Histograms Link to heading
First order of business for any new data set: visualize it. Histograms are one of the most important visual tools for summarizing quantitative data.
Histograms divide the full range of a quantitative variable into evenly sized bins and count the number of data points in these bins. Bins could also be described as ‘intervals’ or ‘subdivisions’.
Histograms are a great way to get a first impression of the distribution of a quantitative variable.
Histogram: Normal Distribution Link to heading
1hist(normal, breaks = 20)
breaks = 20
sets the number of bins to be displayed. Try parameter values that are different from 20 and observe how the histogram changes!We immediately see the typical signs of a normal distribution:
- Symmetry around the mean
- A great many data points in the center
- Progressively fewer data points as we move farther away from the center
A normal distribution has only one peak: we call it unimodal.

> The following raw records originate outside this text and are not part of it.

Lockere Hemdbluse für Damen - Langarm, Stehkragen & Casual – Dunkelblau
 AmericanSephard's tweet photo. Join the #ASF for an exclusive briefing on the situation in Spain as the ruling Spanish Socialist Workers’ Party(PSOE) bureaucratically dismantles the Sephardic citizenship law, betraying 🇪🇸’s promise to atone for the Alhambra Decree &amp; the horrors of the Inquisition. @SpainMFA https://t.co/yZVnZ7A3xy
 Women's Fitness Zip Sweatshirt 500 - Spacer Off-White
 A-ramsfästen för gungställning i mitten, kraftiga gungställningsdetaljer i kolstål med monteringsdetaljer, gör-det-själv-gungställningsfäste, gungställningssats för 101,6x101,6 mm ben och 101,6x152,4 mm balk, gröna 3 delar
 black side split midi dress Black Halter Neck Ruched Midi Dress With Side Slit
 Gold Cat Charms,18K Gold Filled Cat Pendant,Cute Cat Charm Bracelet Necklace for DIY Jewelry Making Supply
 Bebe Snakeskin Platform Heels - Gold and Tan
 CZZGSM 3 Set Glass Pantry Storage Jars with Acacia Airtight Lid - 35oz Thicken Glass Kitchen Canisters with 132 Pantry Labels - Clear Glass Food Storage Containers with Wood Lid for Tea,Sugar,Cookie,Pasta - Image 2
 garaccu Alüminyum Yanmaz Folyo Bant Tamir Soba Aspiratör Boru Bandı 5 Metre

Due to its bell shape the normal distribution is also known as the ‘bell curve’ or the ‘Gauss distribution’ (named after Carl Friedrich Gauss). It is often (but not always!) observed in nature. For example, human height is approximately normally distributed.
The Intelligence Quotient (IQ) is modeled as a normal distribution with a mean of 100 and a standard deviation of 15. In the case of IQ the normal distribution is due to convention and continuous standardization.3 If you look closely at the parameters above you will notice that I chose this normal distribution with mean 100 and standard deviation 15 as our study example.
Standard Deviation
The standard deviation is the mean distance of all data points from the overall mean. In other words: each data point possesses a certain distance to the mean. The standard deviation is the mean of these distances. We will not spend much time on this, but the standard deviation is an important statistic and is affected by similar problems as the regular mean.
Histogram: Log-Normal Distribution Link to heading
1hist(lognormal, breaks = 20)
The log-normal distribution with our chosen parameters is visibly different from the normal distribution. Specifically: it is skewed. When the center is on the left side as it is here, we call it ‘right-skewed’. Odd, but this is the way it is.
Histogram: Beta Distribution Link to heading
1hist(beta, breaks = 20)
The shape of the beta distribution in our example is wholly different from the normal distribution or the log-normal distribution. In particular: there are two peaks, we therefore call it bimodal.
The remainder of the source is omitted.